Apart from this unfortunate development which has been an annual occurrence, some of the pupils have been placed as day students in schools far away from their parents with others offered schools and programmes they have not chosen.
This means that if parents and guardians are unable to find a solution to this dilemma, either by securing a place in the boarding house or a school managed hostel facility for their wards, the teenagers would be tasked with the responsibility of catering for themselves.
Whilst this is ongoing, the academic calendar has begun in earnest making those who have been placed and duly reported to school examination-ready than their colleagues who are still struggling to have a place.
The confusion in the placement of students in SHSs which accompanied the introduction of the Computerised School Selection and Placement System (CSSPS), introduced in 2005, has however, been exacerbated by the introduction of the free SHS policy which continues to give many more Ghanaian children the opportunity to have secondary education.
As a result, parents have been eased of the financial burden associated with SHS education and would not let go the opportunity granted them by the Ghana government.
It is in this regard that the Ghanaian Times impresses upon the Ghana Education Service (GES), in collaboration with the CSSPS, to do all it could to fill the 520, 298 admission vacancies it declared earlier in the year.

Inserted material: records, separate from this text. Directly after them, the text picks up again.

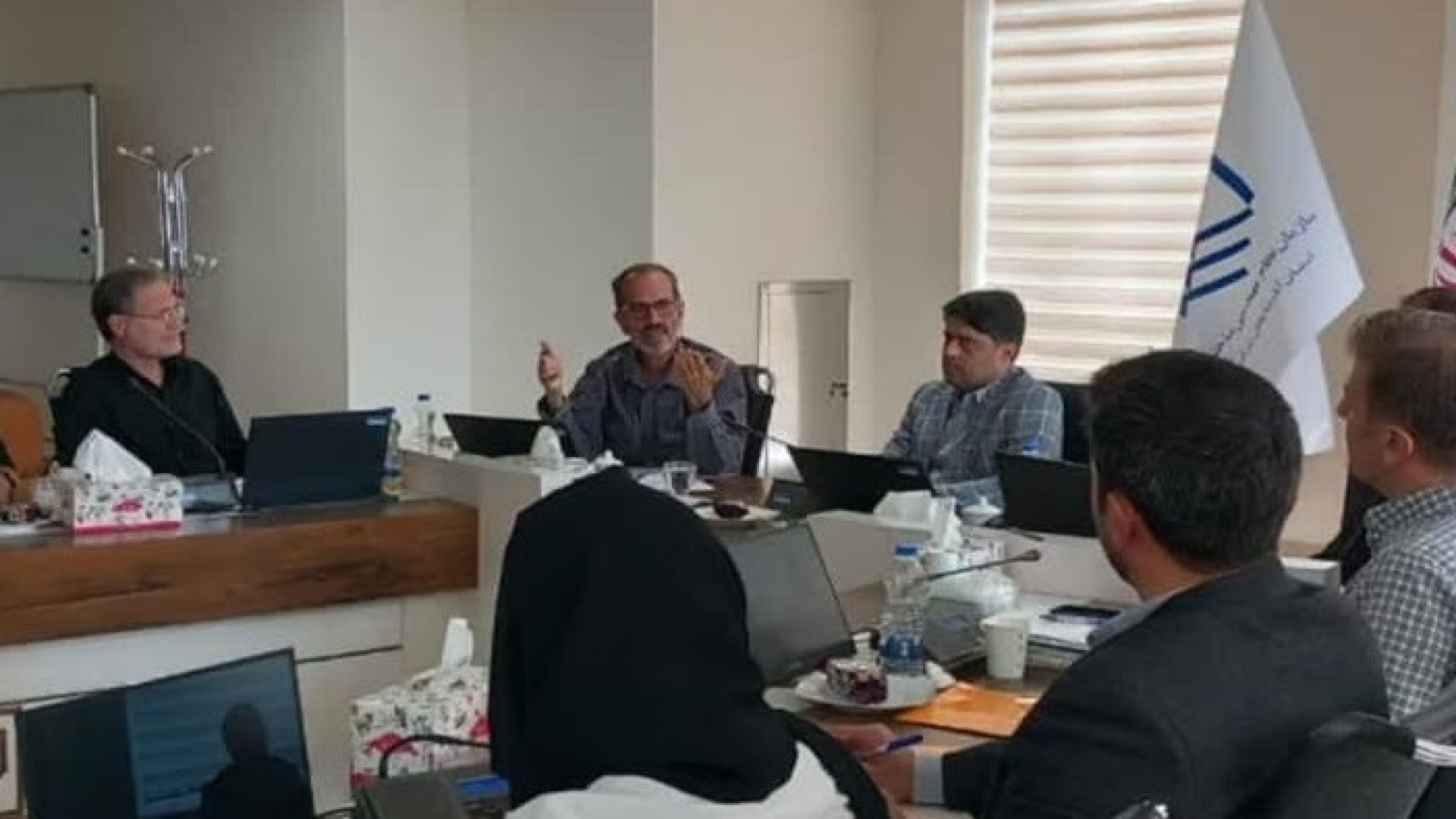 جنگ ۱۲ روزه و  اموزه های مهندسی ،  سازمان نظام مهندسی ساختمان تبریز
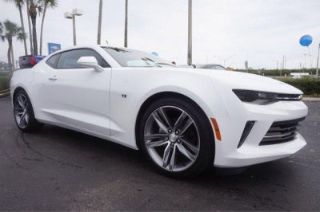 Used 2016 Chevrolet Camaro LT in Miami, Florida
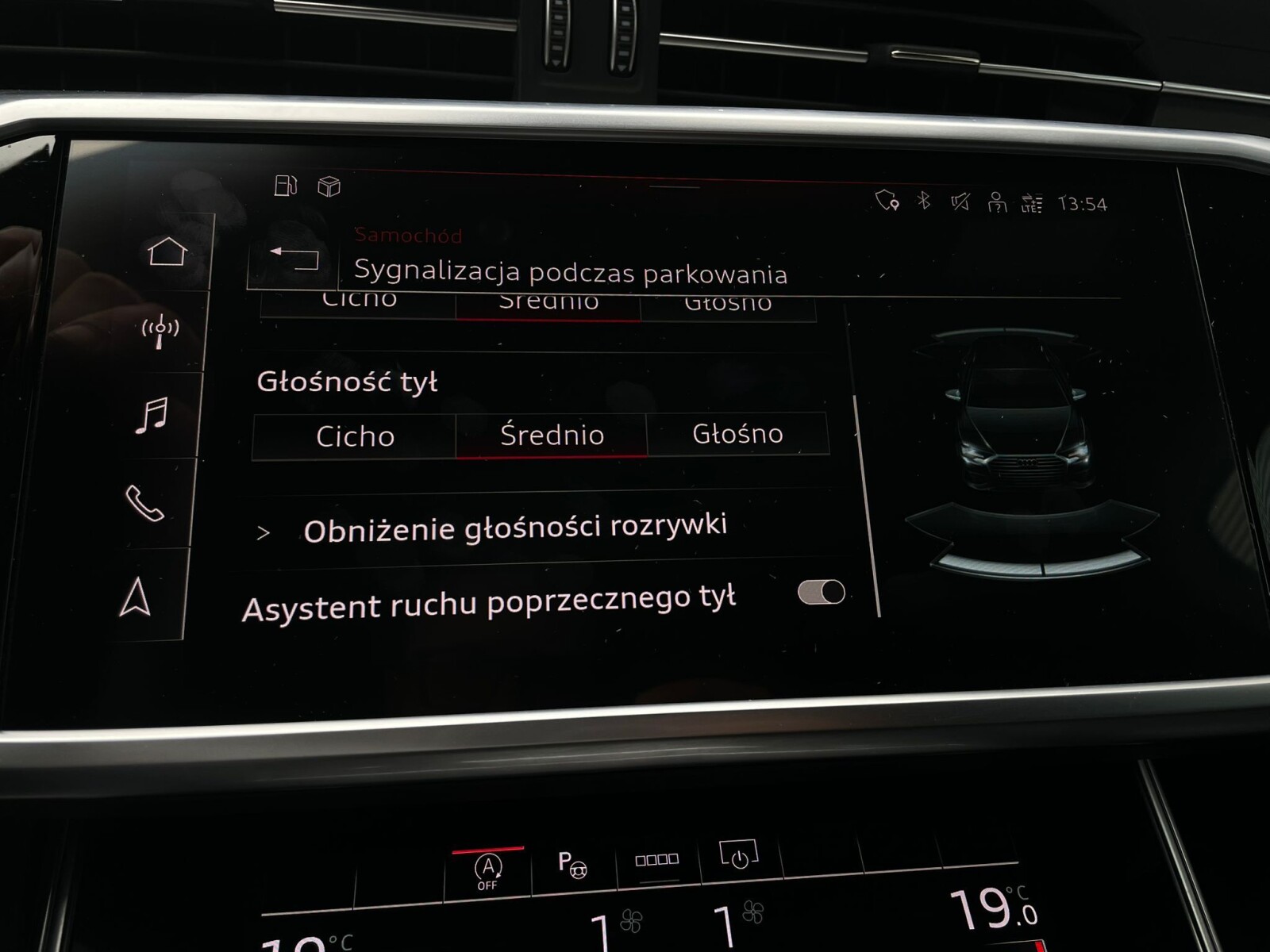 Audi A6 Avant - zdjęcie 30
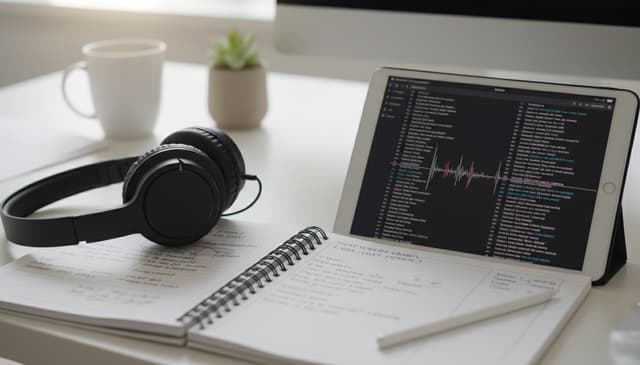 Transkrypcja nagrań z Webexa: praktyczny przewodnik dla użytkowników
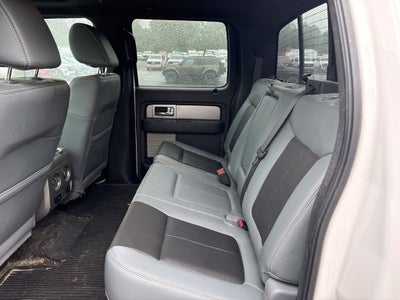 2011 Ford F-150 Lariat Limited
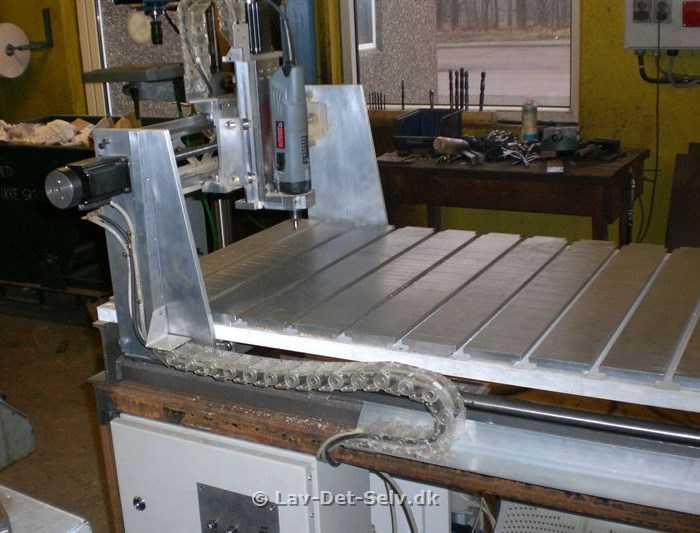 CNC router af light66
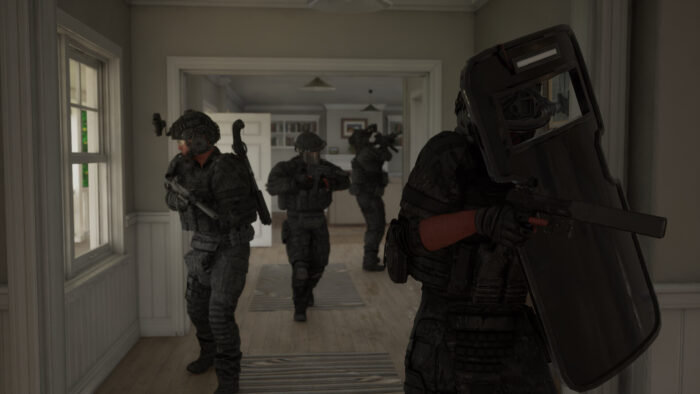 Black One Blood Brothers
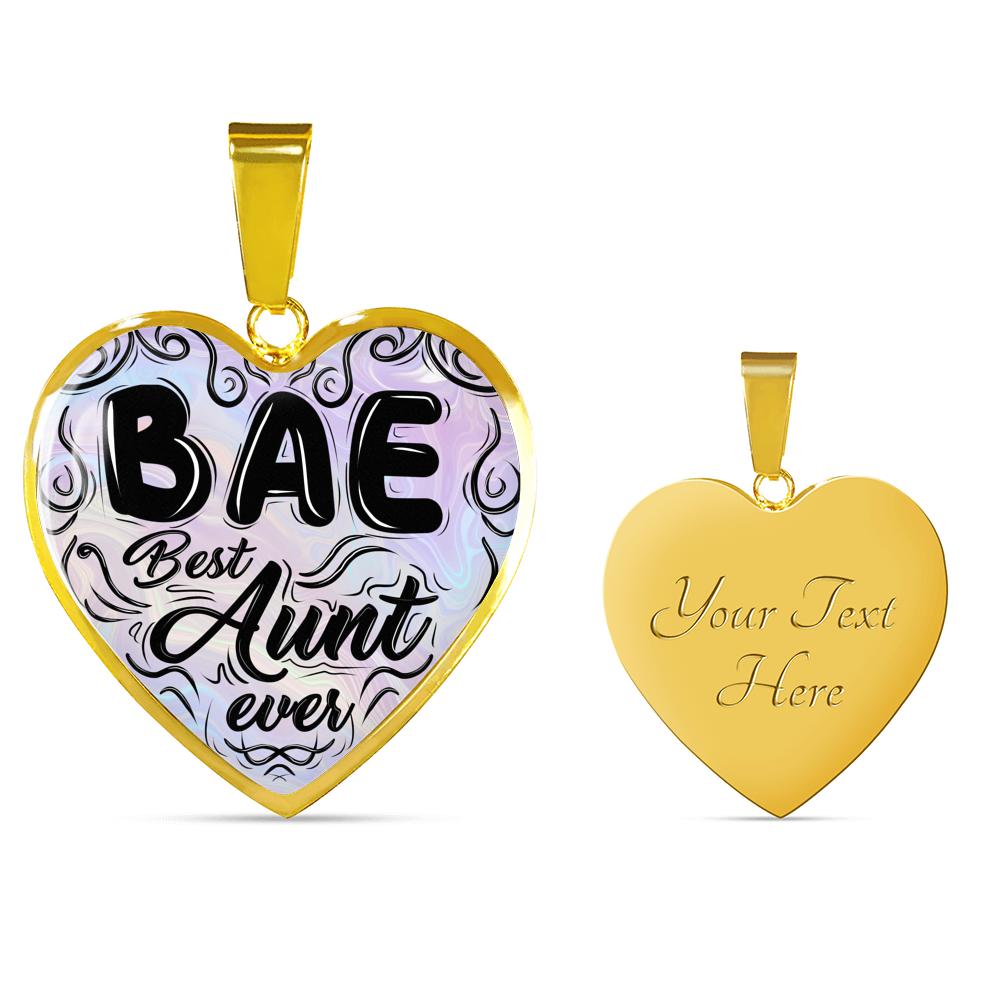 BAE - Best Aunt Ever - Touch Of Divine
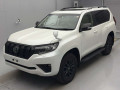 2023 Toyota Land Cruiser Prado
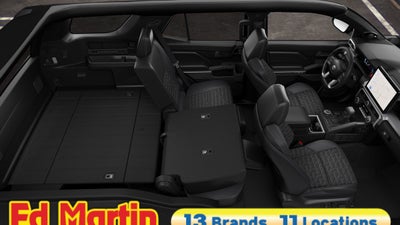 2026 Toyota 4Runner i-FORCE MAX Hybrid TRD Off Road Premium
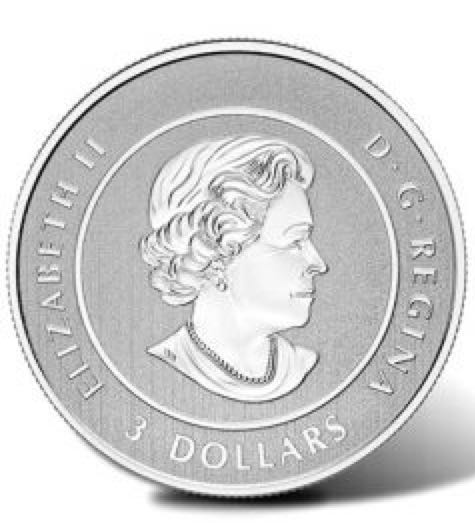 Au Coeur De Mon Pays  coin collectible - Main Image 2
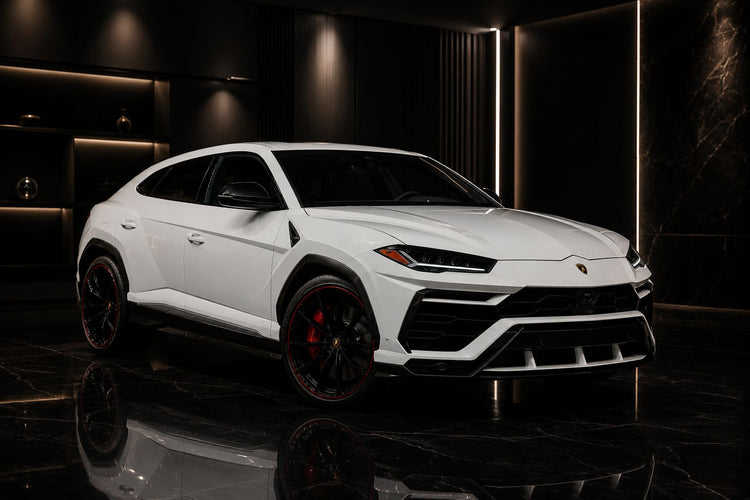 Lamborghini Urus Rental Tampa 2026 | Super-SUV from $649/Day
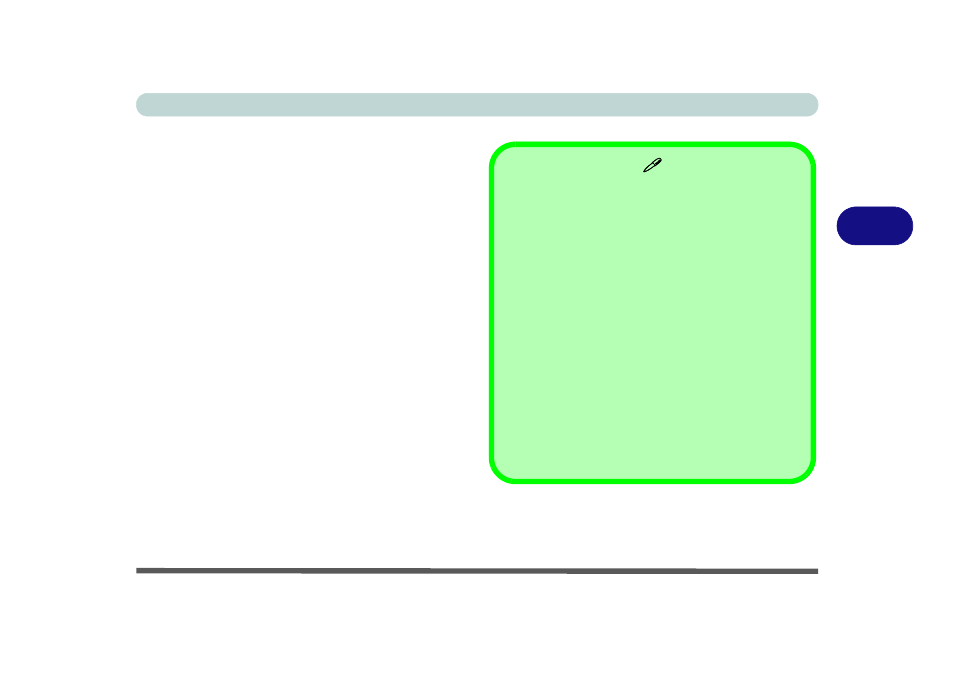 Windows experience index, Windows experience index -7 | chiliGREEN W251CZQ User Manual | Page 95 / 260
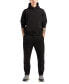 Men's All-Cotton Pleated Trousers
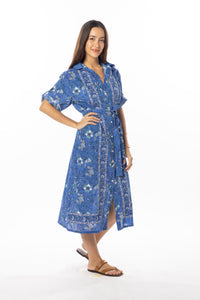 Bindu Margaret Dress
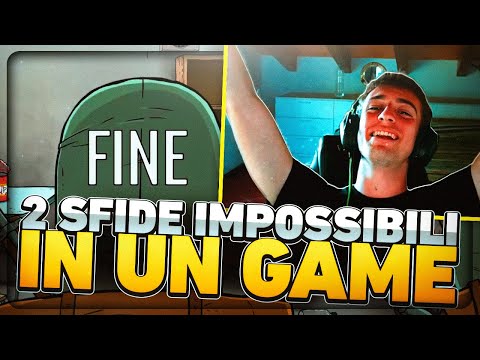 60 SECONDS MA SOPRAVVIVO 100 GIORNI DICENDO SEMPRE NO (SFIDA IMPOSSIBILE)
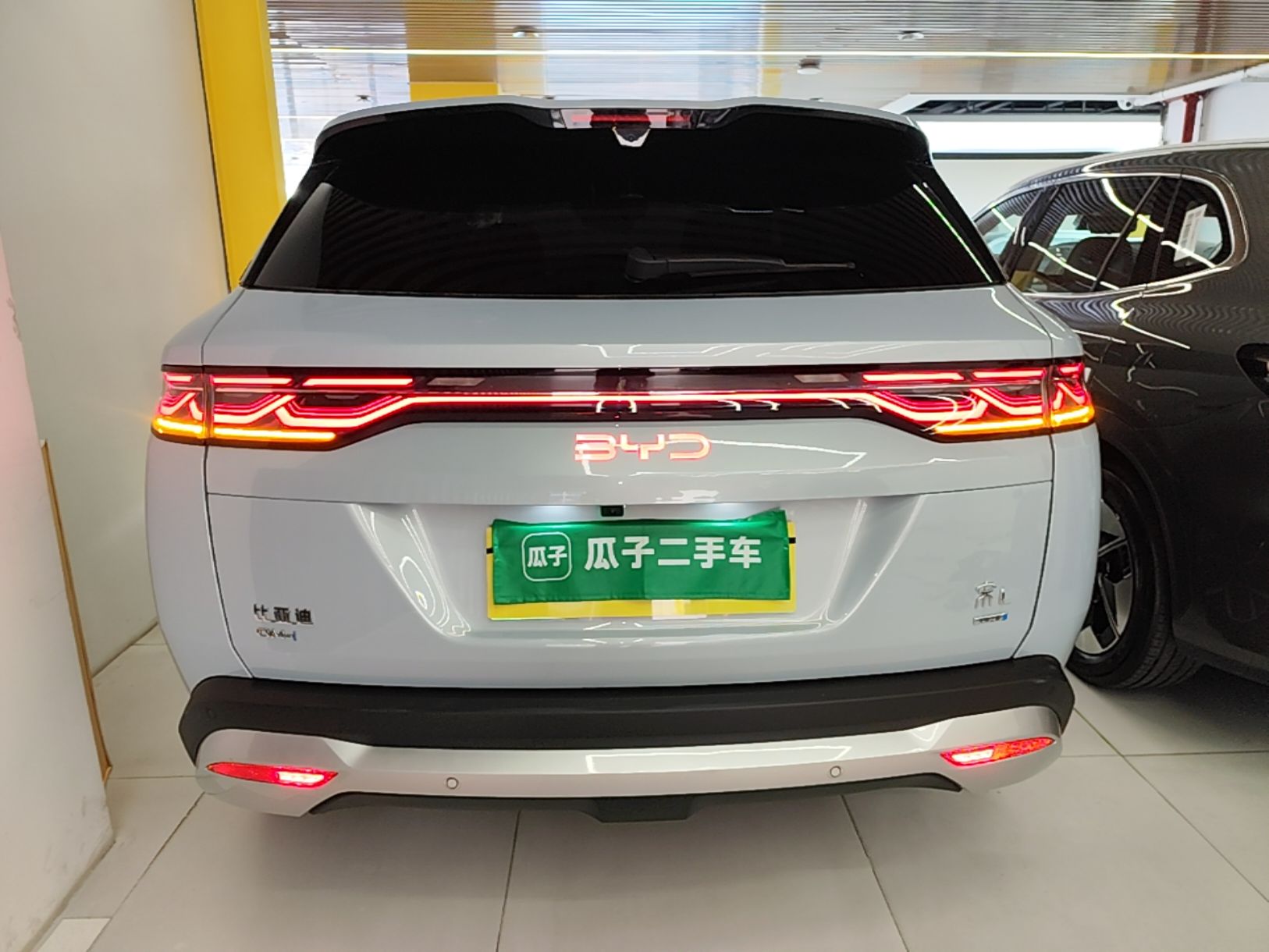 BYD Song L DM-i 2026 Model 200KM Superior Version — снимка 5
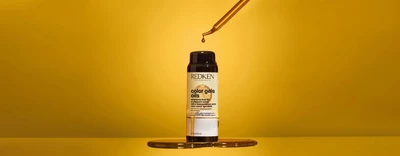 Redken Blog: Cover Gray Hair Color Gels Oils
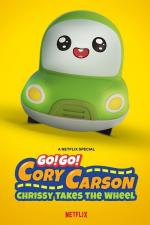 Film Tut Tut autíčko Otík: Kristýnka za volantem (Go! Go! Cory Carson: Chrissy Takes the Wheel) 2021 online ke shlédnutí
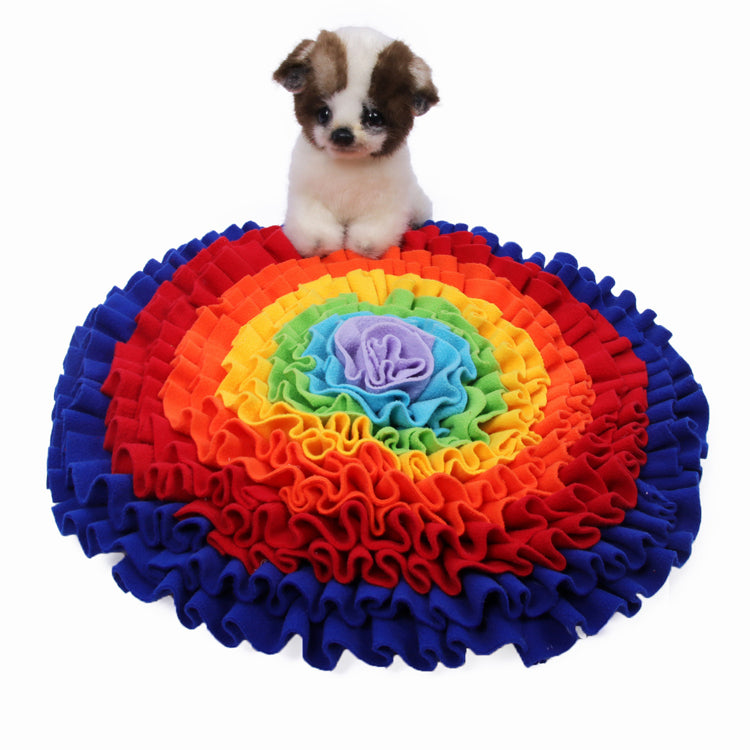 Fold Snuffle Mat — Indoor Wild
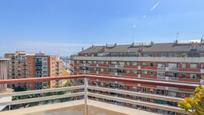 Terrace of Flat for sale in  Barcelona Capital  with Balcony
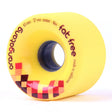 Orangatang Fat Free 65Mm Roues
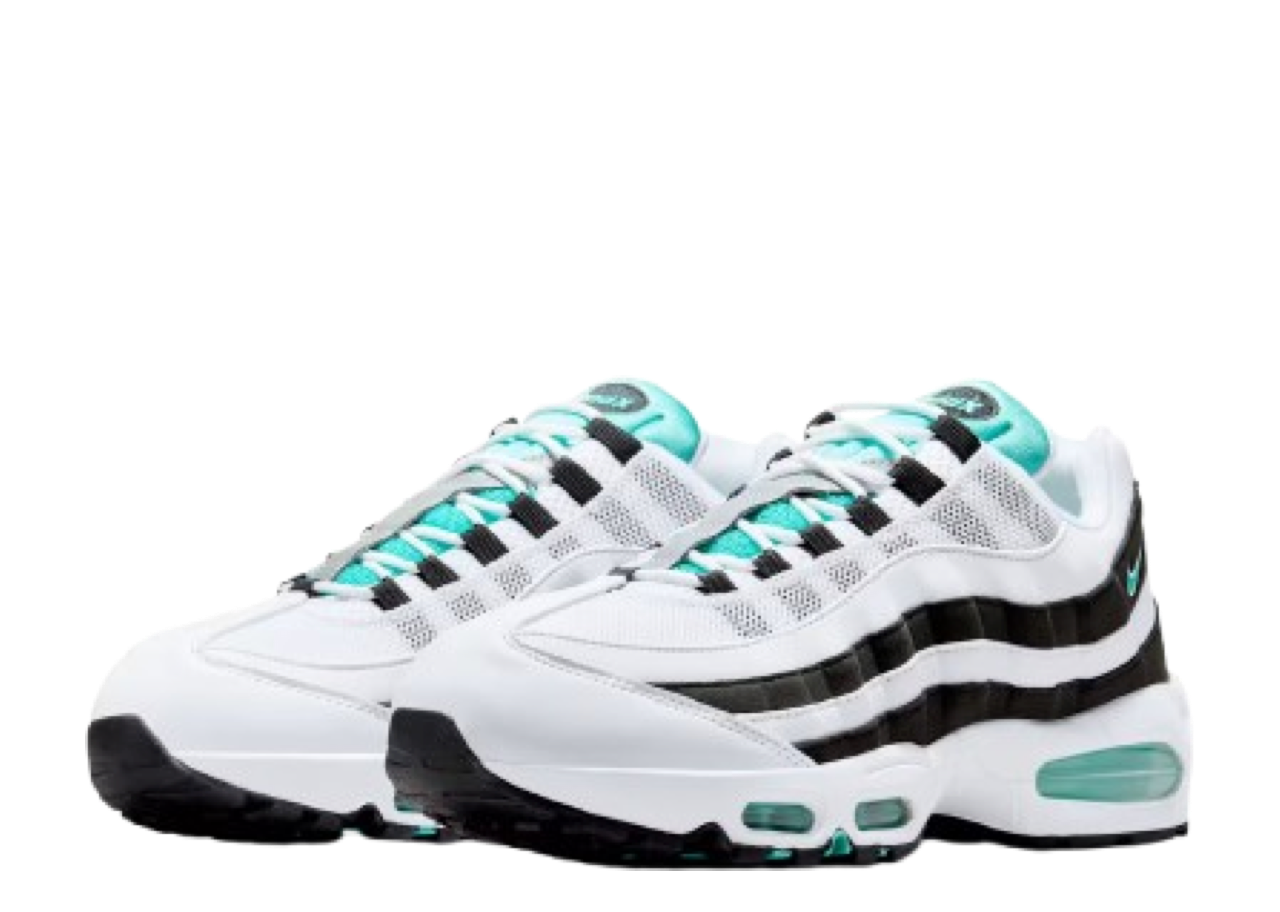 Nike Air Max 95 OG Big Bubble Black Border - photo 2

The Ghanaian Times also calls for a relook at the computerised school placement system with the view to improve upon it more than a decade of its introduction to spare parents, teachers and students the annual anguish of non-placement.
It is heart-rending seeing parents and guardians queue in the scotching sun to have their challenges resolved. We hope that Dr Kwabena Tandoh, a Deputy Director General in-charge of Quality and Access at the GES, and his team will resolve this.
We, however, wish to remind the expectant students that success is created by students themselves and not by virtue of the school they attend.
As students, you must contribute your quota to your progress by giving your all during your SHS education journey irrespective of the schools you might be placed in.
The Ghanaian Times wishes our young students the best of studies and life in the years ahead.